EXERCISE DESCRIPTION: Exactly the lines starting at the line containing "Qi Wanxue, Secretary" and ending at the line containing "产品销售合同范本4.docx_第2页" are to be written out from the listing below, both included.

-- Opening Marker --

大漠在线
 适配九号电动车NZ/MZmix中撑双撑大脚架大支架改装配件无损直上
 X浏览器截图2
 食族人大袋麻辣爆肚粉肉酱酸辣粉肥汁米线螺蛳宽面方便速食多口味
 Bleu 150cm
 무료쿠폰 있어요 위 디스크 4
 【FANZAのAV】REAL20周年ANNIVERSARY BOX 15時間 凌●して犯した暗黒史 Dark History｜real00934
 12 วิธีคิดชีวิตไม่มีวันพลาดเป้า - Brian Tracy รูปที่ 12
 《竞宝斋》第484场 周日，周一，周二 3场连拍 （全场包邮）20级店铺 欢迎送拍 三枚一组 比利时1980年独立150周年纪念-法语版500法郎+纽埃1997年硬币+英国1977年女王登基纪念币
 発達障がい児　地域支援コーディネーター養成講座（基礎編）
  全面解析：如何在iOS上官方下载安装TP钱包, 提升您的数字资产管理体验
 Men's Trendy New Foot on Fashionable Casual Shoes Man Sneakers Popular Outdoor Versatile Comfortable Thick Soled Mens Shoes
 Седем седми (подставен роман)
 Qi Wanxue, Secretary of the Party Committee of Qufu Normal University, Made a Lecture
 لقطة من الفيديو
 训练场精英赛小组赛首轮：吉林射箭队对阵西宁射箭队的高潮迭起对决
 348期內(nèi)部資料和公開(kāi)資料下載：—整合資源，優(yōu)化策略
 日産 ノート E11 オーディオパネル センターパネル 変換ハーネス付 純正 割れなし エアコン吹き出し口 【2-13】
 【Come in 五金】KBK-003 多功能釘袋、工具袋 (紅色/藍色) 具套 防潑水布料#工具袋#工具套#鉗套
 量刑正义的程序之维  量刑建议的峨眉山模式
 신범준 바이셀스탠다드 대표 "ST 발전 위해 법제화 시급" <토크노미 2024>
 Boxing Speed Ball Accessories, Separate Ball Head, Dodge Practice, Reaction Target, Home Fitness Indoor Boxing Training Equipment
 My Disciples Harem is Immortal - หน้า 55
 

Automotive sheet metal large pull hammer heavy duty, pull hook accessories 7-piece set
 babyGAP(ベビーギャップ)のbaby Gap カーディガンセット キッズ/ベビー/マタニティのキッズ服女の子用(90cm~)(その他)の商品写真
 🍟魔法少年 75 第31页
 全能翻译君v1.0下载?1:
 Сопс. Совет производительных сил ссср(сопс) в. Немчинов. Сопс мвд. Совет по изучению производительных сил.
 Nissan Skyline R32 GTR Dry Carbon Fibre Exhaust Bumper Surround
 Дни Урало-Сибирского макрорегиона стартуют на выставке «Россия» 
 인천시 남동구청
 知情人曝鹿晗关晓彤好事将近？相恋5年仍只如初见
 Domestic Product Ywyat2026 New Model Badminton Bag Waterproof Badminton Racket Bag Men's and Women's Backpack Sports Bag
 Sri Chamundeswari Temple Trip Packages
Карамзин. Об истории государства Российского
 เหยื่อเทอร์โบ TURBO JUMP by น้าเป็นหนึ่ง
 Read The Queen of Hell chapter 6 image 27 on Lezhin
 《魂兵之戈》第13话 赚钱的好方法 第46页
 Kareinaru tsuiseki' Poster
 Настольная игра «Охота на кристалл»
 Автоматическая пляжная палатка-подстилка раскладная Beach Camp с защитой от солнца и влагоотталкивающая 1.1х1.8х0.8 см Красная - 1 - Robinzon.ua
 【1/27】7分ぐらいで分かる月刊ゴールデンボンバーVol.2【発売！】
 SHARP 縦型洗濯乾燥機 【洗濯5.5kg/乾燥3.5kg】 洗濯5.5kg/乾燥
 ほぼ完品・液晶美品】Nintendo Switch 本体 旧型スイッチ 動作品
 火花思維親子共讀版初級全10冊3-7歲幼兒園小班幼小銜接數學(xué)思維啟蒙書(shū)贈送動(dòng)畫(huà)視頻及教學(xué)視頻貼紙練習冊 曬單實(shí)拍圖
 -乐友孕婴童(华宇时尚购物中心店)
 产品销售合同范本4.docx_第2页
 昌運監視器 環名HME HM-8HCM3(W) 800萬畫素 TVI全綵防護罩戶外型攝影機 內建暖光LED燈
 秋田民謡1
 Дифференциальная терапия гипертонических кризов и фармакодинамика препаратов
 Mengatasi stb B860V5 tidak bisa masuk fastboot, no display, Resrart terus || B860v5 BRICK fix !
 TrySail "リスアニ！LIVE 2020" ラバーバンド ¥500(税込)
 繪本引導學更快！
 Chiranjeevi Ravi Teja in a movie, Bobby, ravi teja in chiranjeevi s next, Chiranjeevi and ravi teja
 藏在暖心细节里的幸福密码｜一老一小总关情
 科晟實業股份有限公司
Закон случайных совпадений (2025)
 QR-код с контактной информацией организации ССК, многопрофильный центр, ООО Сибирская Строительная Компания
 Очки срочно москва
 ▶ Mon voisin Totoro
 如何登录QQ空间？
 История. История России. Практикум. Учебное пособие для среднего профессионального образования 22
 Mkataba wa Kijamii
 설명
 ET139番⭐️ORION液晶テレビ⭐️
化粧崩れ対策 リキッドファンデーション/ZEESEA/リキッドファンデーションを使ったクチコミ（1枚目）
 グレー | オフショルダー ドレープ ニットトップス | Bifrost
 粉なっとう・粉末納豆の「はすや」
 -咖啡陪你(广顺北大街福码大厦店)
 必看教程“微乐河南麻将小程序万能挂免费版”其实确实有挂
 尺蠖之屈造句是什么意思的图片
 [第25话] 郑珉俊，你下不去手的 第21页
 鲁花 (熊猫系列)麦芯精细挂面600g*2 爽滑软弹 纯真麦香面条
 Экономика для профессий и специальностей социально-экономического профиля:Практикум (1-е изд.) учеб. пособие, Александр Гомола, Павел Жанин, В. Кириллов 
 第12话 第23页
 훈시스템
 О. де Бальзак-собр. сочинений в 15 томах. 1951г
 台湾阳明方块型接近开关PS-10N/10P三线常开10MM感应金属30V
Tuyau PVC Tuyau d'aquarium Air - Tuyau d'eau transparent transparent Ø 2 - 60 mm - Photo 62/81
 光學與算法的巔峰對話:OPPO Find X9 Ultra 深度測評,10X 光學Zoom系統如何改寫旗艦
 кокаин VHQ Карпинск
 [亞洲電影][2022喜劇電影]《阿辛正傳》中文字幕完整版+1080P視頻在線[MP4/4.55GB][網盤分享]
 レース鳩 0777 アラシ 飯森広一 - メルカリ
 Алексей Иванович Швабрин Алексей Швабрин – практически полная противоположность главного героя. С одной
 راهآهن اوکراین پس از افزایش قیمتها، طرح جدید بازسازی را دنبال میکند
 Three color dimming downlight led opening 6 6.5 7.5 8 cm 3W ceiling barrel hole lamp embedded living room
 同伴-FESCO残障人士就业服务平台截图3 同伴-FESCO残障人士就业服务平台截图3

-- Closing Marker --

RESPONSE BELOW:
 Qi Wanxue, Secretary of the Party Committee of Qufu Normal University, Made a Lecture
 لقطة من الفيديو
 训练场精英赛小组赛首轮：吉林射箭队对阵西宁射箭队的高潮迭起对决
 348期內(nèi)部資料和公開(kāi)資料下載：—整合資源，優(yōu)化策略
 日産 ノート E11 オーディオパネル センターパネル 変換ハーネス付 純正 割れなし エアコン吹き出し口 【2-13】
 【Come in 五金】KBK-003 多功能釘袋、工具袋 (紅色/藍色) 具套 防潑水布料#工具袋#工具套#鉗套
 量刑正义的程序之维  量刑建议的峨眉山模式
 신범준 바이셀스탠다드 대표 "ST 발전 위해 법제화 시급" <토크노미 2024>
 Boxing Speed Ball Accessories, Separate Ball Head, Dodge Practice, Reaction Target, Home Fitness Indoor Boxing Training Equipment
 My Disciples Harem is Immortal - หน้า 55
 

Automotive sheet metal large pull hammer heavy duty, pull hook accessories 7-piece set
 babyGAP(ベビーギャップ)のbaby Gap カーディガンセット キッズ/ベビー/マタニティのキッズ服女の子用(90cm~)(その他)の商品写真
 🍟魔法少年 75 第31页
 全能翻译君v1.0下载?1:
 Сопс. Совет производительных сил ссср(сопс) в. Немчинов. Сопс мвд. Совет по изучению производительных сил.
 Nissan Skyline R32 GTR Dry Carbon Fibre Exhaust Bumper Surround
 Дни Урало-Сибирского макрорегиона стартуют на выставке «Россия» 
 인천시 남동구청
 知情人曝鹿晗关晓彤好事将近？相恋5年仍只如初见
 Domestic Product Ywyat2026 New Model Badminton Bag Waterproof Badminton Racket Bag Men's and Women's Backpack Sports Bag
 Sri Chamundeswari Temple Trip Packages
Карамзин. Об истории государства Российского
 เหยื่อเทอร์โบ TURBO JUMP by น้าเป็นหนึ่ง
 Read The Queen of Hell chapter 6 image 27 on Lezhin
 《魂兵之戈》第13话 赚钱的好方法 第46页
 Kareinaru tsuiseki' Poster
 Настольная игра «Охота на кристалл»
 Автоматическая пляжная палатка-подстилка раскладная Beach Camp с защитой от солнца и влагоотталкивающая 1.1х1.8х0.8 см Красная - 1 - Robinzon.ua
 【1/27】7分ぐらいで分かる月刊ゴールデンボンバーVol.2【発売！】
 SHARP 縦型洗濯乾燥機 【洗濯5.5kg/乾燥3.5kg】 洗濯5.5kg/乾燥
 ほぼ完品・液晶美品】Nintendo Switch 本体 旧型スイッチ 動作品
 火花思維親子共讀版初級全10冊3-7歲幼兒園小班幼小銜接數學(xué)思維啟蒙書(shū)贈送動(dòng)畫(huà)視頻及教學(xué)視頻貼紙練習冊 曬單實(shí)拍圖
 -乐友孕婴童(华宇时尚购物中心店)
 产品销售合同范本4.docx_第2页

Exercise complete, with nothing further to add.